Daniel R. Kim, MD Posts About

L2 Norms and Memory Efficiency

18 Dec 2016

Suppose you want to find the pairwise $\text{L2}$ distances between a set $X$ of $n$ vectors and a set $Y$ of $m$ vectors in $\mathbb{R}^k$. (Example: 5,000 test images against 50,000 training images, with each image stored as a 3,072-length vector.) Considering that

\[\|x-y\|^2 = \sum (x_i - y_i)^2,\]

a naive approach might be to store pairwise difference vectors $ \{ x - y \} _ {x \in X, y \in Y}$ in a $n \times m \times k$ matrix, with the aim of squaring the components of each vector and summing them up. This approach uses (on the order of) $k$ times too much memory. Let’s see why.

Notice that if we expand the distance formula, we have

\[\|x-y\|^2 = \sum (x_i - y_i)^2 = x \cdot x - 2 x \cdot y + y \cdot y.\]

The key insight from the last expression is that $D(x,y)$ needs only three scalar pieces of information: dot products of $x$ with itself, $y$ with itself, and $x$ with $y$. In particular, it doesn’t care what the components of $x-y$ are.

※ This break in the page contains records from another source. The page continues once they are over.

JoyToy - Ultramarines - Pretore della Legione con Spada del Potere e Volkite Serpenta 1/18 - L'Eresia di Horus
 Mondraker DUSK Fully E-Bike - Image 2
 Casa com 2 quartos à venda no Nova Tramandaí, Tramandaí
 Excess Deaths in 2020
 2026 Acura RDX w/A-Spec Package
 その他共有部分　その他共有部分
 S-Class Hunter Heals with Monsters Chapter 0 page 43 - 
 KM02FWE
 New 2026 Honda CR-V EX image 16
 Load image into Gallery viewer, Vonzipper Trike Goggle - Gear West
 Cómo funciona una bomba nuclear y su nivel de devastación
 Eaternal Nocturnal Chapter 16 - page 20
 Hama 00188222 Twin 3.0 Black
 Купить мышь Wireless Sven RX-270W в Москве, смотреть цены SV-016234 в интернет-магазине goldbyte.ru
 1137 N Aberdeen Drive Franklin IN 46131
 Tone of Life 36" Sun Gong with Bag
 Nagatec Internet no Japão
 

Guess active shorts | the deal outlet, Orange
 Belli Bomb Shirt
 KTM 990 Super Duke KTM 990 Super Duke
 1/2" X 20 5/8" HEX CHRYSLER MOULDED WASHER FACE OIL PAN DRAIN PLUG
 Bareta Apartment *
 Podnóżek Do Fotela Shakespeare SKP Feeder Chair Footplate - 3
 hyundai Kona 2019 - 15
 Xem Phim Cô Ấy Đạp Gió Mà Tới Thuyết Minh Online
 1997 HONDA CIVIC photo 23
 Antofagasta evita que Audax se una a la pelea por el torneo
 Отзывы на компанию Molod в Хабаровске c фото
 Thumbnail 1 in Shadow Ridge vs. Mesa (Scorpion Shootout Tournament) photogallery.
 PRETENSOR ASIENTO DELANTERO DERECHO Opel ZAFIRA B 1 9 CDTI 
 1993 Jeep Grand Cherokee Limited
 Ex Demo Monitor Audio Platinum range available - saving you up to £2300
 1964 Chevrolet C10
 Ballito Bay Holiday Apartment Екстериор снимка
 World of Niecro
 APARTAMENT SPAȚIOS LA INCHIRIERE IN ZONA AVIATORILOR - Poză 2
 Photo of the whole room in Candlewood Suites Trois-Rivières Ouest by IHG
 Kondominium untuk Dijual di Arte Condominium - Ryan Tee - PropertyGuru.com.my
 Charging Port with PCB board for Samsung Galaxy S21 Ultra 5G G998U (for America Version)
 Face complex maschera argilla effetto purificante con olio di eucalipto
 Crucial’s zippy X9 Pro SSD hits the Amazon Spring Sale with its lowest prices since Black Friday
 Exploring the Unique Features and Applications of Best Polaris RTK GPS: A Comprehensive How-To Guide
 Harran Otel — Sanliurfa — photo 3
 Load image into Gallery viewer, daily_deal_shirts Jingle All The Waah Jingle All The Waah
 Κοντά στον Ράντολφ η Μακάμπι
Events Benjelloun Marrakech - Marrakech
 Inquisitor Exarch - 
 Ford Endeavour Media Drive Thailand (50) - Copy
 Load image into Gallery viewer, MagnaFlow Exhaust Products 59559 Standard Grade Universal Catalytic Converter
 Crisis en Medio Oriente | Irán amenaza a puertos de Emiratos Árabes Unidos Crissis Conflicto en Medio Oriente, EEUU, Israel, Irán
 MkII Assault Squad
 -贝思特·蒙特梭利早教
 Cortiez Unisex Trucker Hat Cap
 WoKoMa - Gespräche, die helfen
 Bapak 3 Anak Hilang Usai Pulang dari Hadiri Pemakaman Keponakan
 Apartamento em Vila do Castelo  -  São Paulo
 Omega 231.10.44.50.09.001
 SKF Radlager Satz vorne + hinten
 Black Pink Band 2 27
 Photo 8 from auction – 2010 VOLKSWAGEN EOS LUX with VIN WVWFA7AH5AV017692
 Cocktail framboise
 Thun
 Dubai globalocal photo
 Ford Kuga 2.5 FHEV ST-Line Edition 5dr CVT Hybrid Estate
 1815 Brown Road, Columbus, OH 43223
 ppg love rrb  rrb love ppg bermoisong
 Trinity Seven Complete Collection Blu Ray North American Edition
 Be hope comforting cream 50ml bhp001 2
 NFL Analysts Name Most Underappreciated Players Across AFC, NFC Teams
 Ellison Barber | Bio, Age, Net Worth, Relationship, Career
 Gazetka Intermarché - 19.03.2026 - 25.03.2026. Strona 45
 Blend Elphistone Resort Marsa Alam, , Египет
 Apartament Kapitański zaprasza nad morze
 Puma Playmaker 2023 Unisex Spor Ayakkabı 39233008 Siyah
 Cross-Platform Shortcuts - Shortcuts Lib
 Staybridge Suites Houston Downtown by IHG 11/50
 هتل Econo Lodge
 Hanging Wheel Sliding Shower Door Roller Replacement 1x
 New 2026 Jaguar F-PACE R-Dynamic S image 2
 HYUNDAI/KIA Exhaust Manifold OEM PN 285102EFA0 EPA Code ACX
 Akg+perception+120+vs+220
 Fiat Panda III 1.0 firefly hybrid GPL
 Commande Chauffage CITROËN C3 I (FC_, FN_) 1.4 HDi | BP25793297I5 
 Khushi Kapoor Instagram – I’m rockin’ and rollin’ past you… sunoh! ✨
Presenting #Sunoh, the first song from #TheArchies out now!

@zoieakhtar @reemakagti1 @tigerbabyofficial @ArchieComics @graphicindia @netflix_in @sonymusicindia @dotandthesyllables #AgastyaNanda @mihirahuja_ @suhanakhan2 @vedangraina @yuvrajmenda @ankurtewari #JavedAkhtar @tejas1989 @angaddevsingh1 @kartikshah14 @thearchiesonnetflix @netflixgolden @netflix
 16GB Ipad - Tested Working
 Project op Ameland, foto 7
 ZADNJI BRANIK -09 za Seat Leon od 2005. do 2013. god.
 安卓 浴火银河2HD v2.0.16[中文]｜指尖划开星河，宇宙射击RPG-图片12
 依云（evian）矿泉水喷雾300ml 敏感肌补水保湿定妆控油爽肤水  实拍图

If we were tasked with finding the distance between just two vectors, it doesn’t cost much to store the components of one difference vector of size $k$. But if we have to find pairwise distances between two large sets of vectors, it costs $n \times m \times k$ to store all these difference vectors.

Instead, we just need to store the following:

In practice, assuming we have matrices $X _ {n \times k}$ and $Y _ {m \times k}$, this information corresponds with (the diagonals of) $XX^T$ and $YY^T$, as well as $XY^T$.